- Wang Township, Minnesota Location within the state of Minnesota Wang Township, Minnesota Wang Township, Minnesota (the United States)
- Coordinates: 44°51′14″N 95°25′36″W﻿ / ﻿44.85389°N 95.42667°W
- Country: United States
- State: Minnesota
- County: Renville

Area
- • Total: 36.2 sq mi (93.8 km^{2})
- • Land: 36.2 sq mi (93.8 km^{2})
- • Water: 0 sq mi (0.0 km^{2})
- Elevation: 1,037 ft (316 m)

Population (2020)
- • Total: 246
- • Density: 6.8/sq mi (2.6/km^{2})
- Time zone: UTC-6 (Central (CST))
- • Summer (DST): UTC-5 (CDT)
- FIPS code: 27-68026
- GNIS feature ID: 0665912

= Wang Township, Renville County, Minnesota =

Wang Township is a township in Renville County, Minnesota, United States. The population is 246 as of the 2020 census.

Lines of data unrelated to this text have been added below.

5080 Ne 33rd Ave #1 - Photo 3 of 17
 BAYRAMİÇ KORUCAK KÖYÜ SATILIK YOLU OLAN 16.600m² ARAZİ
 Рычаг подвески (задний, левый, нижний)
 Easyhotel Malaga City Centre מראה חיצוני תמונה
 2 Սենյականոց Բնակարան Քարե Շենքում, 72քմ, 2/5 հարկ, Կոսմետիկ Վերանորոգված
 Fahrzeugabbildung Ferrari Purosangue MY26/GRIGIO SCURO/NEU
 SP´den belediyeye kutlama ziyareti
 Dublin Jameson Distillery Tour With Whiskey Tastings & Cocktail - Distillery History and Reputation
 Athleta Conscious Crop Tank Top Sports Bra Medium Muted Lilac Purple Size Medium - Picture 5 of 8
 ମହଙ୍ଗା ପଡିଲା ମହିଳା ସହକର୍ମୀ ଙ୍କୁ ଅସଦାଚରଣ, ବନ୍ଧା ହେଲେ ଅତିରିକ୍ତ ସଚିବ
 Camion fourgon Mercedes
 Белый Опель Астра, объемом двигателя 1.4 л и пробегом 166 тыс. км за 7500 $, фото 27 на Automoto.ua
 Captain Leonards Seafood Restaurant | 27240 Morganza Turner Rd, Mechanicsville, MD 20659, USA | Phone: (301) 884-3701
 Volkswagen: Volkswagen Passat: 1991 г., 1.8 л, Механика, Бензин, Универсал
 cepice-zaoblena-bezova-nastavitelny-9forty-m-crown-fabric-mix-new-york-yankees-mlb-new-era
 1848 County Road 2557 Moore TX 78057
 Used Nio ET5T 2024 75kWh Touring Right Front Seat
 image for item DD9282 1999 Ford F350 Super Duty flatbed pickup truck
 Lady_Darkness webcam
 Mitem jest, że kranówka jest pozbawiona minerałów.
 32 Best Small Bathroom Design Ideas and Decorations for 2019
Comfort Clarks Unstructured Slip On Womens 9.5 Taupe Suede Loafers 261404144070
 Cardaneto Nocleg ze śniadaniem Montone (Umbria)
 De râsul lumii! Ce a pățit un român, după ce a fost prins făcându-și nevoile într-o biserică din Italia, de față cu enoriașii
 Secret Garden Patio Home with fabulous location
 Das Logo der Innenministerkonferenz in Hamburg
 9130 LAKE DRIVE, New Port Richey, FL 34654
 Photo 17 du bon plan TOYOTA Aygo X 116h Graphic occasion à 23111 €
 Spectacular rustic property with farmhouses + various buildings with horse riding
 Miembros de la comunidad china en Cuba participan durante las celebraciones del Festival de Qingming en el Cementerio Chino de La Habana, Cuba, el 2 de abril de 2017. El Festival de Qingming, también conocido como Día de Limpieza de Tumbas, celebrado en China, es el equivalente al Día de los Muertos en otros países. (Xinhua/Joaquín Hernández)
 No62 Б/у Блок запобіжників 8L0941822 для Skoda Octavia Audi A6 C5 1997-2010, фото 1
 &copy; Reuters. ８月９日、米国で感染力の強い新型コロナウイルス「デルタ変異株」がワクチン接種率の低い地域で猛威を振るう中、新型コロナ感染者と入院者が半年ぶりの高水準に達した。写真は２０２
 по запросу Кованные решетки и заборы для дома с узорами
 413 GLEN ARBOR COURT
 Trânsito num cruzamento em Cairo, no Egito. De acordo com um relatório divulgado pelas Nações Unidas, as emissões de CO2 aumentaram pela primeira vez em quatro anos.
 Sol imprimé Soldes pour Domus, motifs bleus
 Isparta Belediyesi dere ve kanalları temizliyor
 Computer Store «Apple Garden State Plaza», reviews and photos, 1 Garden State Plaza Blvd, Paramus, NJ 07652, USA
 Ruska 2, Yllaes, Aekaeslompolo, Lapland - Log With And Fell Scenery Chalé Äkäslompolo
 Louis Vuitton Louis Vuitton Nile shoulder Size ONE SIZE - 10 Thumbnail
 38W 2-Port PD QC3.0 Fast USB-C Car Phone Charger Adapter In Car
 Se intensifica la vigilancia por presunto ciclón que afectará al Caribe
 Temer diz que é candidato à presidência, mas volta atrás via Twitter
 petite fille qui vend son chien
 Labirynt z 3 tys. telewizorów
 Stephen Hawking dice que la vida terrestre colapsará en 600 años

Wang Township was organized in 1875, and named after a district or group of farms in Norway.

==Geography==
According to the United States Census Bureau, the township has a total area of 36.2 sqmi.

==Demographics==

As of the 2020 census and 2024 American Community Survey's 5-year Estimates, there are 246 people and 97 households residing in the township. The population density was 6.8 /sqmi. There are 101 housing units at an average density of 3.4 /sqmi. The racial make-up of the township is 96.34% White and 3.66% from other races. Hispanic or Latino of any race were 1.22% of the population.

There were 97 households, of which 32.8% had children under the age of 18 living with them, 76.3% were married couples living together, 4.1% had a female householder with no husband present and 16.5% were non-families. 12.4% of all households were made up of individuals, and 5.2% had someone living alone who was 65 years of age or older. The average household size was 2.79 and the average family size was 3.07 people.

32.8% of the population were under the age of 18, 1.5% from 18 to 24, 22.1% from 25 to 44, 19.9% from 45 to 64 and 23.6% were 65 years of age or older. The median age was 40.5 years. For every 100 females, there were 88.2 males.

The median household income was $98,438 and the median family income was $103,594. About 5.5% of the population were below the poverty line, including 3.4% of those under the age of eighteen and 7.8% of those 65 or over.